I was incensed. I can’t fault stealing, I’ve found myself in positions where I’ve had to steal food. I’m not proud of those times, but I tell myself I took things that weren’t expensive and didn’t cause anyone much pain. What Bonnie did was to take money from people who least could afford the loss, who had already lost everything, and taken it from a group helping people in situations she had herself been in. It was the equivalent of spitting in the face of a nursing mother. In a fit of self-righteous apoplexy I dropped her from my life.
[You probably have an idea how this ends. Shortly after entering seminary I came to the conclusion that I need to forgive her. After all, if, as I keep hearing at United, the best way we can live out a life like Jesus or Gandhi or the Buddha is to behave as they did, then I need to live out my belief that no one is beyond redemption or forgiveness. If I hope, after all the wrongs and questionable decisions I’ve done in my life, to be at peace with who I am, then I need to be at peace with Bonnie.

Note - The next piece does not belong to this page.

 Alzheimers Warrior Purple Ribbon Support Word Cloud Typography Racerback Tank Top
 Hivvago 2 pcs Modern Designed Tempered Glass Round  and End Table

It hasn’t gone any further than that.] I know this is what I have to do but the situation hasn’t presented itself nor have I gotten in touch with her through that common friend to bring the moment to its crisis. There is precedent for this. Pope John Paul II forgave Mehmet Ali Agca, the Turkish would-be assassin who shot him in St. Peter’s Square in 1981. Georgia Congressman John Lewis who, as a young civil rights advocate was spat on and had his skull fractured at Selma, forgave Governor George Wallace before his death. Bonnie didn’t shoot me or split my skull but I admit I’m afraid. She did a great wrong that hurt many people. Somehow the fact her actions didn’t affect me directly makes it harder. How do I say to her, “I forgive you” and mean it?

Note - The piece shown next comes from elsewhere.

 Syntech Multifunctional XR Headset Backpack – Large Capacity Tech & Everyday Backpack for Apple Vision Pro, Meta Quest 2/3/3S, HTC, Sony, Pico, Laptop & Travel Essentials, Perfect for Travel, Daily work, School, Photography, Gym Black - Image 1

Someday Sebastian Cross will be faced with the need to forgive his father for abandoning him. Someday Dennis is going to ask that other farmer why he thought someone else should shoulder the cost he couldn’t anymore. Someday each person who walks away from a home or a dog or cat will need to face the need to forgive himself for having done that. Someday each of us will face the need to forgive someone we know, someone we love for having committed an act that, while it may not be the equal of abandonment or embezzlement, nonetheless pushes us away. What do we say, to them and to ourselves? How do we say it?